We snaked past reed beds, close to rocks, in and out of channels. We twisted between high boulders of granite, running alongside bright patches of green reed, periodically breaking out into sudden wide sounds, crossed by larger boats.

‘There was this bloke by the door who seemed to be wanking for hours and hours.’

‘How long were you there, then?’

‘I don’t know. Oh, I see. Oh, all night, I suppose, but it was a little bit off-putting, because the corridor was rather narrow and you had to sort of get by without ever getting in the way.’

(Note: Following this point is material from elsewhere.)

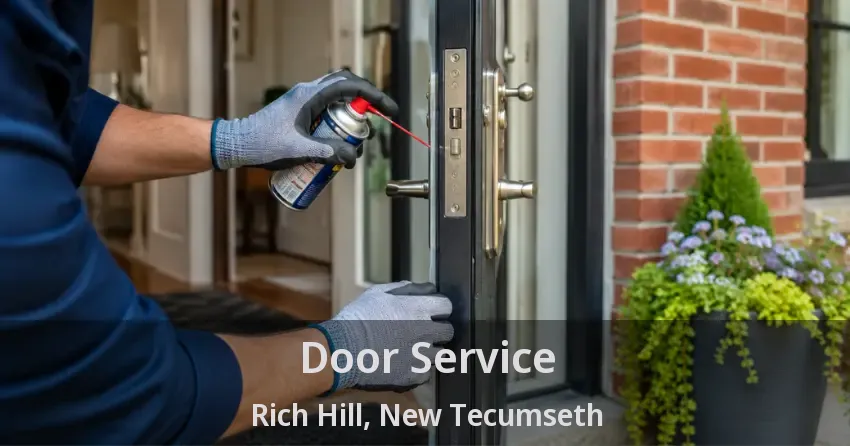 Door Service Rich Hill, New Tecumseth - ON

By the terms of the slimy Ribbentrop–Molotov agreement, on the eve of the Second World War, the Russians had been ‘given’ Finland, as a sphere of influence, by the Germans. They invaded in 1939. To the north of where we were now, up in Karelia, in a freezing, vicious winter war, the Finns miraculously held off the Russians for 100 days. But, with no one to support them, and in temperatures of minus 40 degrees, they had been forced finally to agree to the Peace of Moscow. The tiny country lost 25,000 people, and a lot of territory, but it did halt the Red Army, a feat so worthy of everyone’s admiration and respect that it is disturbing to realize that Finland ended up on the wrong side at the end of the Second World War. During their fight for independence, they had looked to Germany for help. As a result, they narrowly avoided becoming a post-war satellite, as the Baltic states did. They remained free, but had to pay huge reparations to Russia – $226 million by 1938 prices.

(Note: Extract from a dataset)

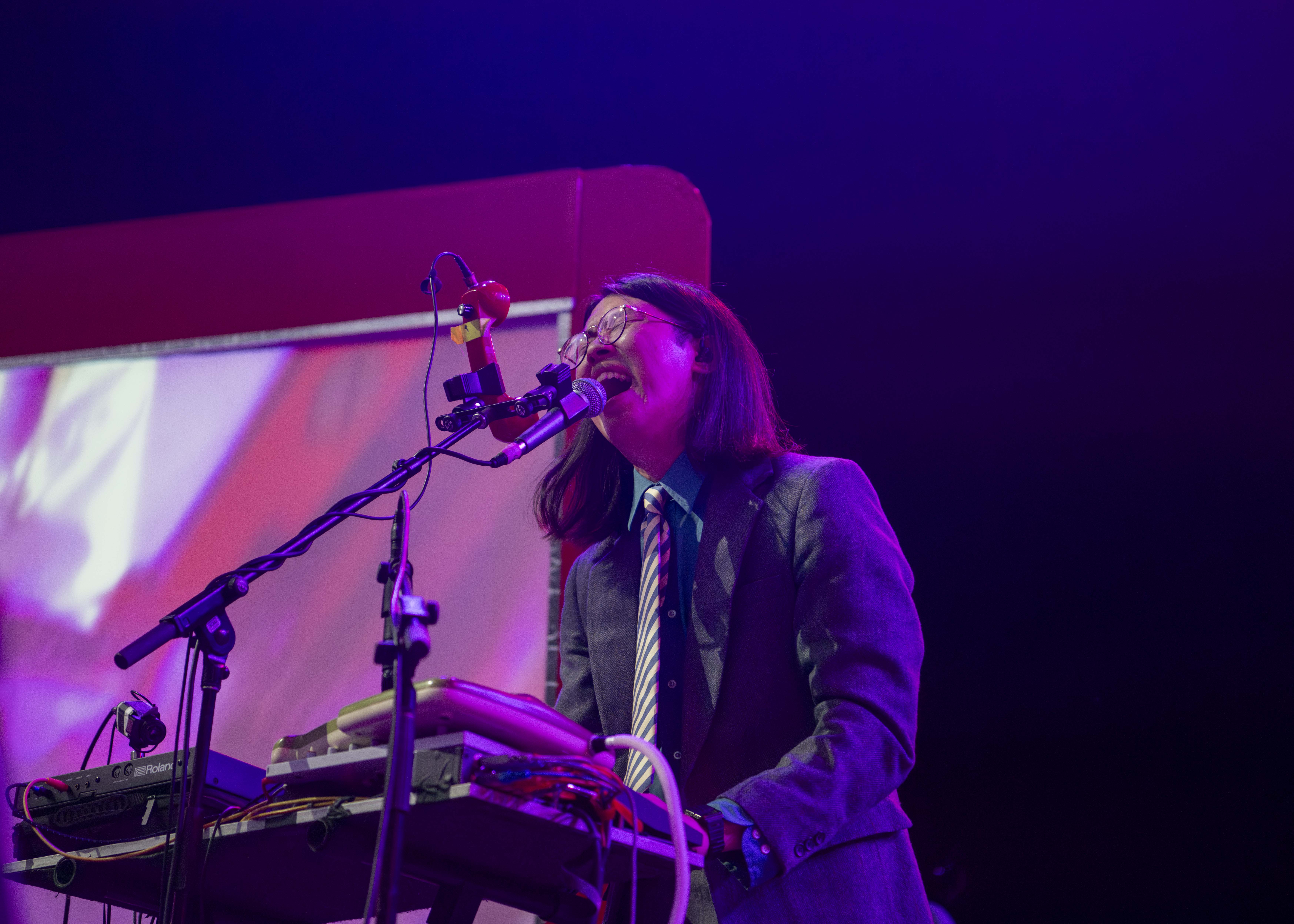 Gallery: Japanese Breakfast brings Melancholy Tour to the Greek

We had decided on a passage marked with a ‘4’, which meant there was never less than 4 metres of water. There were others marked ‘3’, ‘6’ and ‘10’ and they ran for hundreds of miles, intersecting each other, or heading off north to cities way inland, or plunging south, to an open sea we hardly even glimpsed. The whole area was alive with potential. Like a smoothly edited travelogue, it continuously fired visions of exquisite beauty at us. Nothing was grand or magisterial. Everything was proportionate. It was totally exhausting.

‘Look at that!’

‘God, how lovely.’

To begin with we drew attention to the little humped boulders, flecked with lichen, the deeper woods, the crooked pines surmounting an islet, the cleft in the rocks, the turn in the channel, but then we ran out of awe. And there were hundreds of miles of this to go. From here until we left Åland, a week of constant motoring later, the engaging, mysterious, unfolding, sliding-screen, revelatory, ever-changing spectacle never let up.

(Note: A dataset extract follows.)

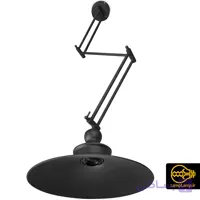 چراغ دیواری بازویی مفصلی مدل Barn Light
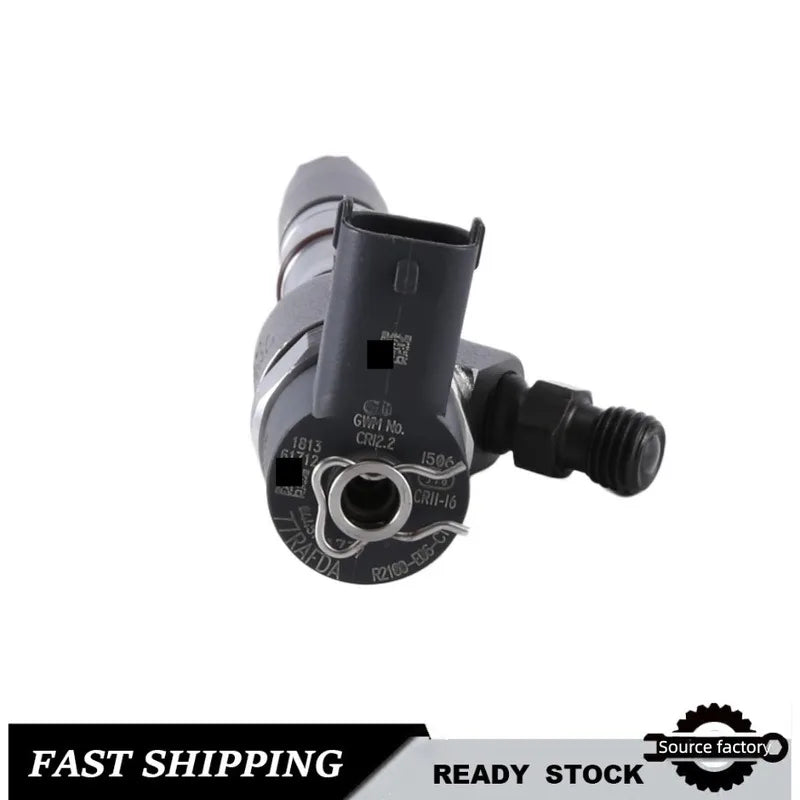 0445110412 1100200FA080 Common Rail Fuel Injector for PIAGGIO Engine Diesel Injector -Low Emission Fast Shipping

Finland’s entire history, like that of so many of the small countries of the area, had been driven by a wholly justified fear of its neighbours. The disputes, the civil wars, the blood-letting, even the internal political geography were caused by the aggressive policies of Russia, Germany and, before them, Sweden. During the post-war period, the cost of reparations motivated the Finns to industrialize and, ironically, this was the foundation of a thriving capitalist economy; but the ‘special relationship’ they had with Russia gave the Cold War a new word: ‘Finlandization’, as used by American hawks, meant a Western European country too sympathetic to Russia. With liberalization, in the 1980s, the Finns wanted to clear their name, and so they sent for Melvyn Kenneth Smith and me.

Yes, us two chirpy Brit sketch-comics played a small but, we like to think, vital part in the post-war history of plucky Finland. I played a smaller part than him. He played Santa Claus. I was just ‘interviewer’.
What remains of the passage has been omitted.